EXERCISE PROMPT ▸
Locate the line that contains "افتتاح مجمع النيابات" in the data that follows. Copy it and every subsequent line to the end, exactly, excluding pictures.

--*--

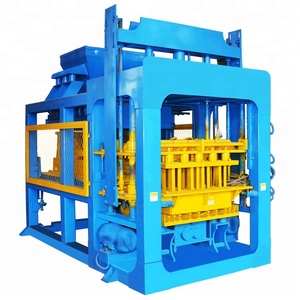 Best Sell QT 8-15 Fully <strong>Automatic</strong> <strong>Interlocking</strong> Concrete <strong>Block</strong> Making <strong>Machine</strong> Price - Product Image 6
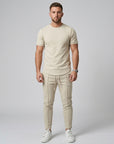 Nojan | Freizeit Herren Set mit modernem T-Shirt Look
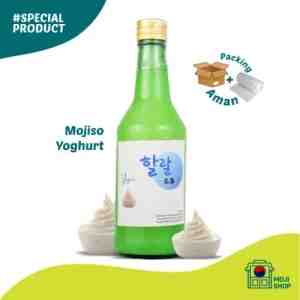 Mojiso 0 Soju Yoghurt 360 ml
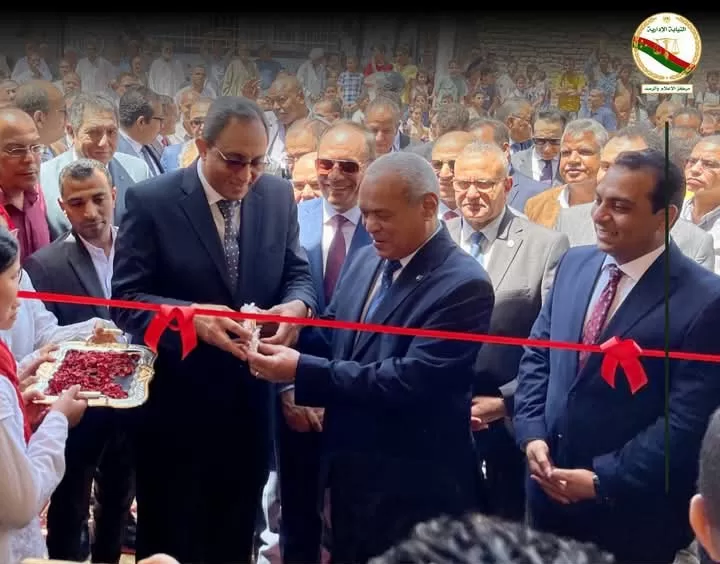 افتتاح مجمع النيابات الإدارية بقنا.. وتدشين منظومة التحول الرقمي 21 - جريدة المساء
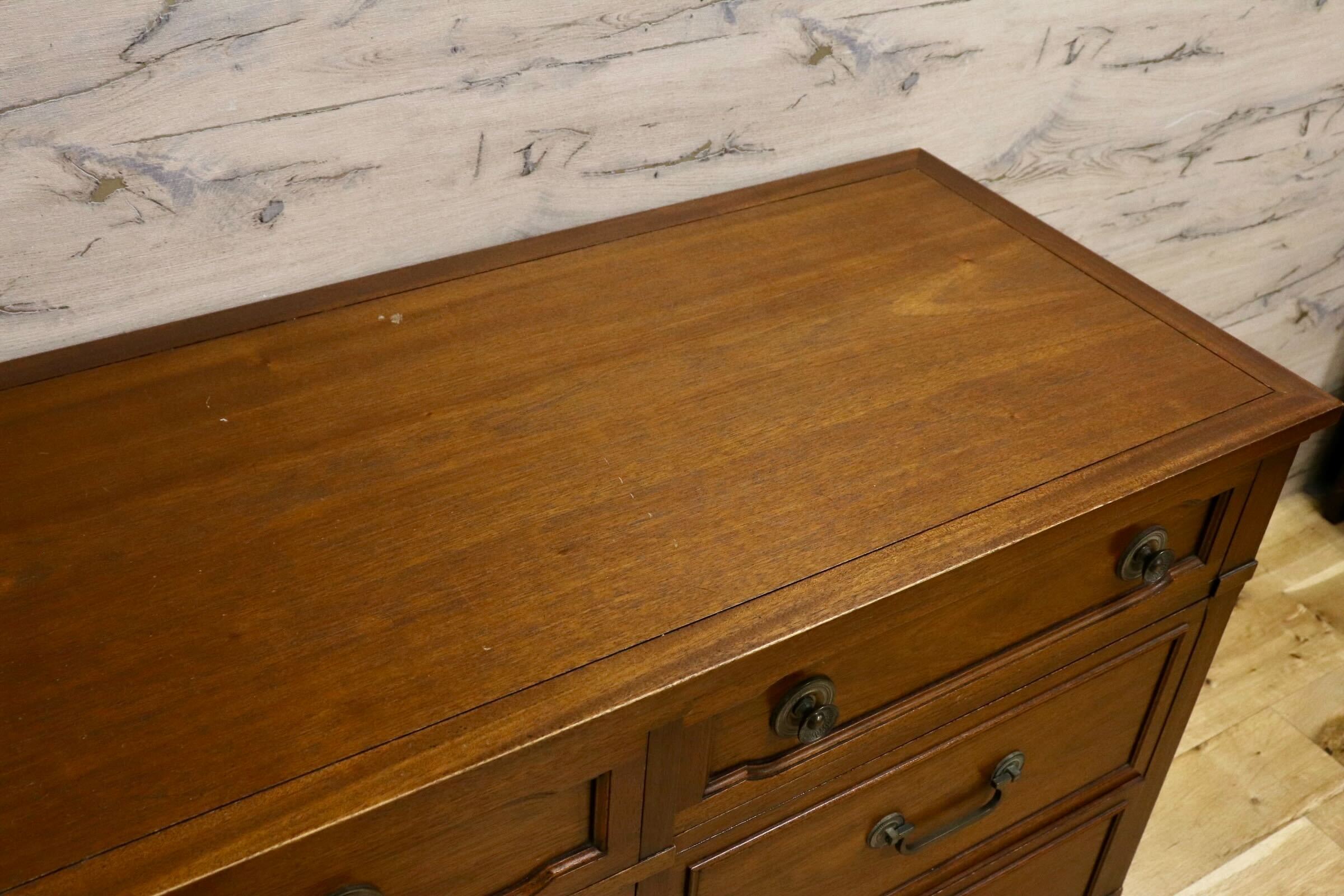 GMIH200○DREXEL HERITAGE / ドレクセルヘリテイジ トライユン サイドボード リビングボード クラシック ヴィンテージ 約70万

--*--

SOLUTION TO THIS EXERCISE ▸
 افتتاح مجمع النيابات الإدارية بقنا.. وتدشين منظومة التحول الرقمي 21 - جريدة المساء
 GMIH200○DREXEL HERITAGE / ドレクセルヘリテイジ トライユン サイドボード リビングボード クラシック ヴィンテージ 約70万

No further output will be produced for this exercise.